A Term Insurance Plan should be a classic addition to your financial portfolio. The plan will provide unmatched financial security that is not provided by any financial tool.
With a very low premium fee, you can choose a sum insured that is high enough to cover the financial losses that will occur, if your family dies prematurely and prematurely.
However, there are some practical tips that can be used to help lower premium rates.
Buy a plan when you are Young and Healthy
The premium of a term insurance plan depends on the Age at which you buy the plan. Age determines the Mortality Risk and as you grow older the mortality risk increases. So, when you delay buying a term insurance plan, the underlying premium rate increases. That is why it is recommended that you should buy a plan when you are young.

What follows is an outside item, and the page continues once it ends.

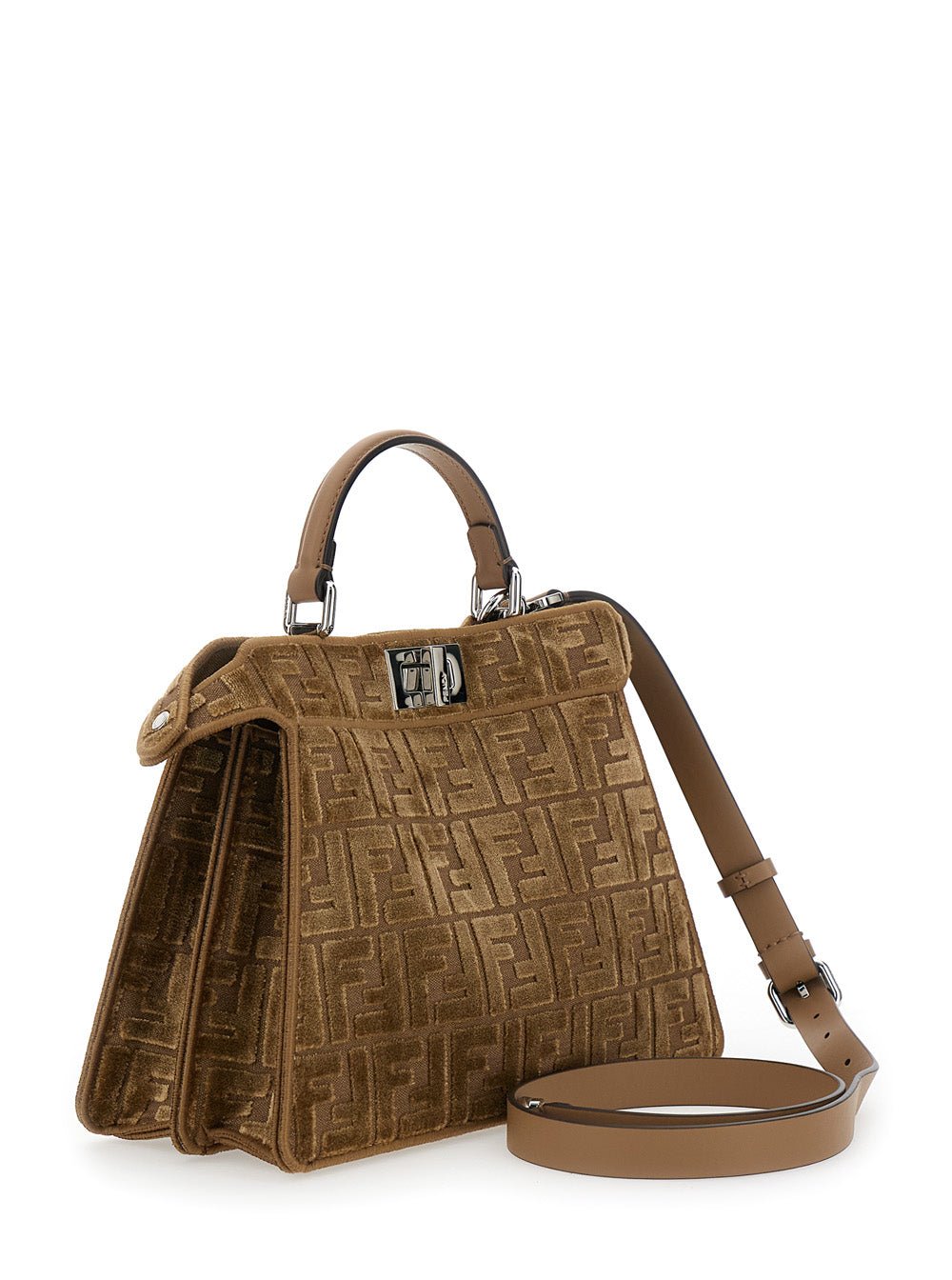 Fendi Women 'Peekaboo Iseeu Small' Brown Handbag With All - Over Ff Motif In Fabric Woman - EZE Fashion®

Maintain Good Health and Lifestyle
Premiums of term plans depend on your Health and Lifestyle habits too. If you have any medical ailments or physical complications, the premium would be high. If you consume Tobacco the premium would be increased too. This increase in premium is with the underwriting assessment that medical ailments and lifestyle vices increase your mortality risk. As a result, the insurance company charges a higher premium to compensate for the higher inherent risk.
Choose a Longer Tenure
Term insurance plans come with long coverage durations that go as high as 40-50 years. The plan pays the benefit only if death occurs during the coverage tenure. It is suggested that when buying a term plan, the highest possible coverage duration should be selected. This has two benefits. One, you get coverage for a longer period which increases the probability of claim payments for your nominees even after your retirement age. Two, your premium amount outflow is lower so that you don’t have to pay a higher premium afterward for the same Sum Assure.
Pay premiums Regularly and in Annual mode
Term insurance plans allow Limited as well as Regular premiums. Limited premiums are when you pay premiums for a limited duration while regular premiums mean paying premiums throughout the tenure of the plan. If you choose a regular premium payment option, your premium rates would be lower compared to limited payments. Annual or Half-yearly premiums are lower compared to Monthly or Quarterly mode as you get premium discounts.
Choose the correct sum assured
While under Insurance is a Curse, over-insurance is No Boon either. Go for the ideal sum assured and this should be ideally 12-15 times of your Annual Income. If you buy a plan which has an unnecessarily high sum assured, your premium outgoes would be high too. So, be careful when selecting the sum to assure and ensure that the chosen coverage amount is neither very high nor too low.
Cut down on Frills and go for Basic Vanilla Cover
Modern term insurance plans come with a lot of value-added features that enhances the scope of the plan. There might be inbuilt riders, the option of monthly incomes, the return of premiums paid on maturity, etc. You should not go overboard in selecting these value-added benefits. Don’t choose a plan which has unnecessary frills. Inbuilt riders are good additions but other paid features to be weighed in terms of the additional premium costs associated with it.
Utilize any available discount
Term plans might allow you some discounts on premiums. Be on the lookout for the available discounts like buying it online from the Insurance Comparison Portals. When choosing a plan, look out for the maximum possible discount which you can avail and reduce your premiums by using these benefits.
Compare before buying
The last tip is also the most important one. There are hundreds of term plans available in the market. Don’t be hasty in choosing a plan. Go online and compare the available plans before you choose to buy one. Comparing lets you choose a plan which charges the lowest premium without compromising on the coverage benefits. There are Insurance Web Aggregator’s websites which can be chosen for buying the best term plan.